This is the mail archive of the
mailing list for the GCC project.
Re: [GSoC'19, libgomp work-stealing] Task parallelism runtime
On Wed, Jun 5, 2019 at 9:25 PM 김규래 <firstname.lastname@example.org> wrote:
> Hi, thanks for the detailed explanation.
> I think I now get the picture.
> Judging from my current understanding, the task-parallelism currently works as follows:
> 1. Tasks are placed in a global shared queue.
> 2. Workers consume the tasks by bashing the queue in a while loop, just as self-scheduling (dynamic scheduling)/
> Then the improvements including work-stealing must be done by:
> 1. Each worker holds a dedicated task queue reducing the resource contention.
> 2. The tasks are distributed in a round-robin fashion
For nested task submission (does OpenMP support that?) you probably
want to submit to the local queue rather than round-robin, no?
> 3. work-stealing will resolve the load imbalance.
> If the above statements are correct, I guess the task priority should be given some special treatment?
> Ray Kim
> -----Original Message-----
> From: "Jakub Jelinek"<email@example.com>
> To: "김규래"<firstname.lastname@example.org>;
> Cc: <email@example.com>;
> Sent: 2019-06-04 (화) 03:21:01 (GMT+09:00)

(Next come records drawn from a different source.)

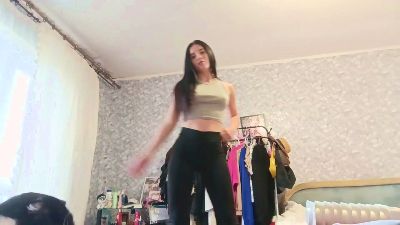 MozellSanker live cam on Cam4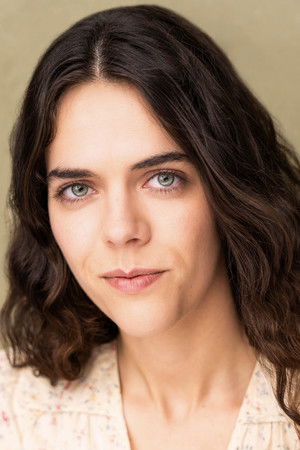 Elena Musser portrait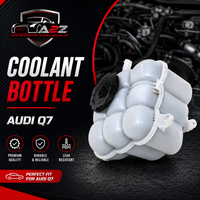Coolant Bottle 4M0121403C 4M0121403E 4M0121403G 4M0121405RSK For AUDI Q7 Tag-B-45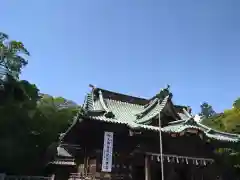 三嶋大社(静岡県)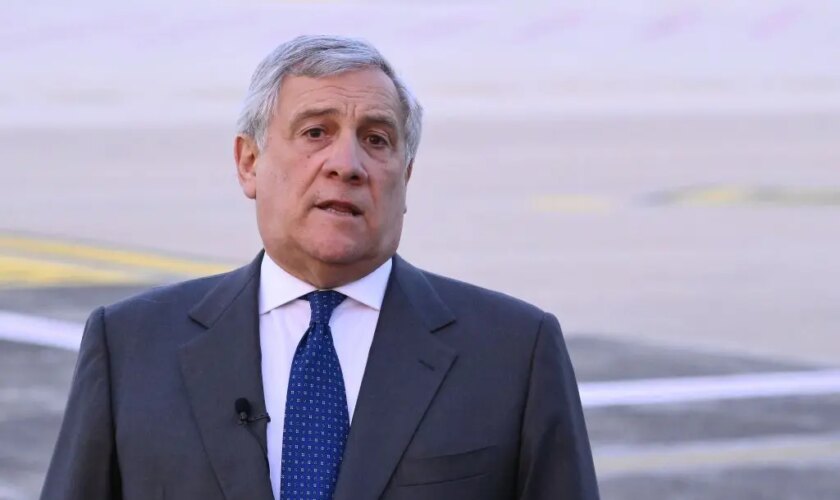 forza-italia,-tajani-eletto-segretario-nazionale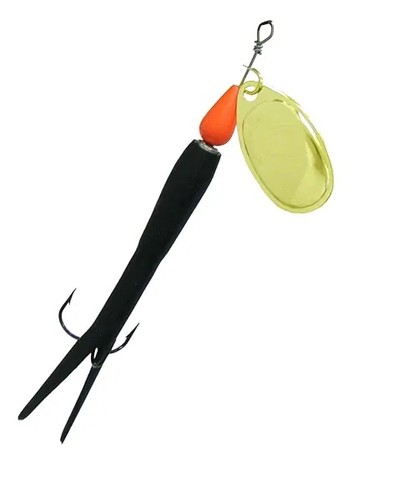 Dennett flying 15g lure - dennett, s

> Subject: Re: [GSoC'19, libgomp work-stealing] Task parallelism runtime
> On Tue, Jun 04, 2019 at 03:01:13AM +0900, 김규래 wrote:
> > Hi,
> > I've been studying the libgomp task parallelism system.
> > I have a few questions.
> > First, Tracing the events shows that only the main thread calls GOMP_task.
> No, any thread can call GOMP_task, in particular the thread that encountered
> the #pragma omp task construct.
> The GOMP_task function then decides based on the clauses of the construct
> (passed in various ways through the arguments of that function) whether it
> will be included (executed by the encountering thread), or queued for
> later execution. In the latter case, it will be scheduled during a barrier
> (implicit or explicit), see gomp_barrier_handle_tasks called from the
> bar.[ch] code, or at other spots, e.g. during taskwait construct
> (GOMP_taskwait) or at the end of taskgroup (GOMP_taskgroup_end).
> > How do the other worker threads enter the libgomp runtime?
> If you never encounter a parallel, teams or target construct, then there is
> just one thread that does everything (well, the library is written such that
> if you by hand pthread_create, each such thread acts as a separate initial
> thread from OpenMP POV).
> Threads are created e.g. during parallel construct (GOMP_parallel), where
> for non-nested parallelism as the standard requires it reuses existing
> threads if possible or spawns new ones, see mainly team.c (gomp_team_start)
> for the function that spawns new threads or awakes the ones waiting for
> work, or gomp_thread_start in the same file for the function actually run by
> the libgomp library created threads.
> > I can't find the entry point of the worker threads from the event tracing and the assembly dump.
> > Second, How is the task priority set?
> By the user, through priority clause, passed to GOMP_task and then taken
> into account when handling tasks in the various queues.